Last week Anthony Ward, manager of the hedge fund Armajaro Holdings, made a big bet on the rising price of chocolate by picking up about $1 billion worth of cocoa beans. And in a departure from business as usual, where traders simply trade the rights to buy or sell commodities at a certain price in the future, Ward had all 240,000 tons physically delivered to Armajaro.
A labourer rakes bio-grown cacao beans on September 2, 2008.
Anthony Ward, manager of the hedge fund Armajaro Holdings, made a big bet on the rising price of chocolate by picking up about $1 billion worth of cocoa beans. Here, a laborer rakes cocoa beans at a plantation in Toumokro, Ivory Coast.
Representing the largest delivery of the product in 14 years, it was a stunning move — yet one in keeping with the money man the British press has dubbed “Choc Finger,” after the Bond villain Goldfinger.
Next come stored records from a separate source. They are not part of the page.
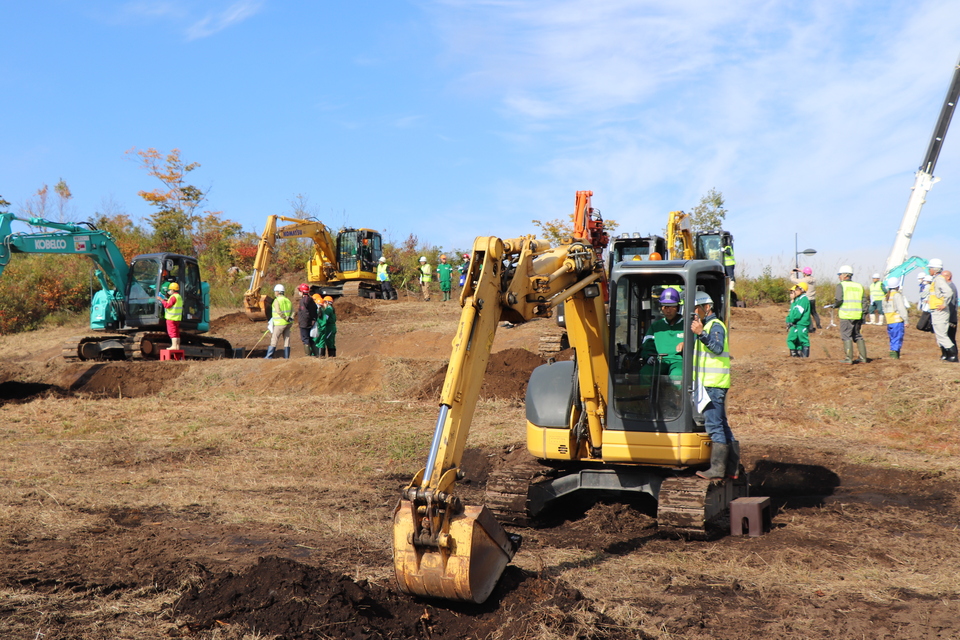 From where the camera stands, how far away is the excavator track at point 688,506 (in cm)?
663

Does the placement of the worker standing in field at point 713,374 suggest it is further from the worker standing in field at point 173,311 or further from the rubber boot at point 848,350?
the worker standing in field at point 173,311

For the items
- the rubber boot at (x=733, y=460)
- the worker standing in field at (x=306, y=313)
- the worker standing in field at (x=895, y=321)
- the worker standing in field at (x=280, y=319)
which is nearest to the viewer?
the rubber boot at (x=733, y=460)

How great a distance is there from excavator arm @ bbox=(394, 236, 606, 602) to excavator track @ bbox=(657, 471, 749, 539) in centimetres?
209

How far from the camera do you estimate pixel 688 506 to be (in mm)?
6664

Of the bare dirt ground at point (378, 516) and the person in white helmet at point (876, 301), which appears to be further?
the person in white helmet at point (876, 301)

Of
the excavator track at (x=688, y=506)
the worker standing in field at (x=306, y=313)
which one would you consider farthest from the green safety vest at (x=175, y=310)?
the excavator track at (x=688, y=506)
World chocolate prices have more than doubled in the past two years, and poor harvests in Ghana and the Ivory Coast have further squeezed supply. Some analysts now worry that Ward’s purchase is an attempt to gain enough power to manipulate the market.
“If it looks like cornering, feels like cornering, it probably is cornering,” Eugen Weinberg, an analyst with German financial institution Commerzbank, told the Telegraph.
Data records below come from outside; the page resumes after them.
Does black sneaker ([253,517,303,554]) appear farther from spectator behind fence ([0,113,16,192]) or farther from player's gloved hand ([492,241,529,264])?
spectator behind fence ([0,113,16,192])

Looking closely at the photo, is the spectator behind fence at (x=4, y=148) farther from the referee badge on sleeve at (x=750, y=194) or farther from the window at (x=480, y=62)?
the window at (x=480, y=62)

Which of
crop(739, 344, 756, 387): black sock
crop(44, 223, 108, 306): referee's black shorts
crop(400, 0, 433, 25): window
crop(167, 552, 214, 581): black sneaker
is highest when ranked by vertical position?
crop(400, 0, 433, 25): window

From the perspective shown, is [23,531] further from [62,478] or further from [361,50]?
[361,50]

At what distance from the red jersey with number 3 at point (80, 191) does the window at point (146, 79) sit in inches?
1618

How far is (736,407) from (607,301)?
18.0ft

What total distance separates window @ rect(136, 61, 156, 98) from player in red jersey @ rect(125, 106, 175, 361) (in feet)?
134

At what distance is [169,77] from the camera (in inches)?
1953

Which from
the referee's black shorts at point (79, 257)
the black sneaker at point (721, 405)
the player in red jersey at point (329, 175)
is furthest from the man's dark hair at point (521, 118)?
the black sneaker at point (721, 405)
Some have noted that Ward made a tidy profit off poor African cocoa bean harvests in 2006 with a similar deal, clearing about $60 million off a purchase of 200,000 tons.
But according to the BBC, there’s nothing illegal about Ward’s reputed efforts to corner the cocoa market. While President Barack Obama’s financial reform may be making an attempt to curb speculation in America, in Europe there are no limits on how much of a commodity one can buy.
Commodity prices frequently fluctuate without their effects being noticed by the average grocery shopper. However, that’s not the case with chocolate. Cocoa prices have been on the rise since 2007, and manufacturers have coped by reducing their products’ portion sizes, changing their recipes to use less cocoa, raising their prices or some combination of all three.
In one case, the product was changed to the point where even the use of the term “chocolate bar” was called into question: After replacing cocoa butter with vegetable oil in 2008, Hershey had to change some product descriptions to “chocolate candy” or just the adjective “chocolaty.”
The gradual price increase of cocoa beans is also part of a more troubling global trend in food prices. A recent U.N. report estimates that rising fuel costs could lead to some grain prices rising 15 to 40 percent over the next decade, raising serious questions about the stability of countries where people are already struggling to afford enough to eat.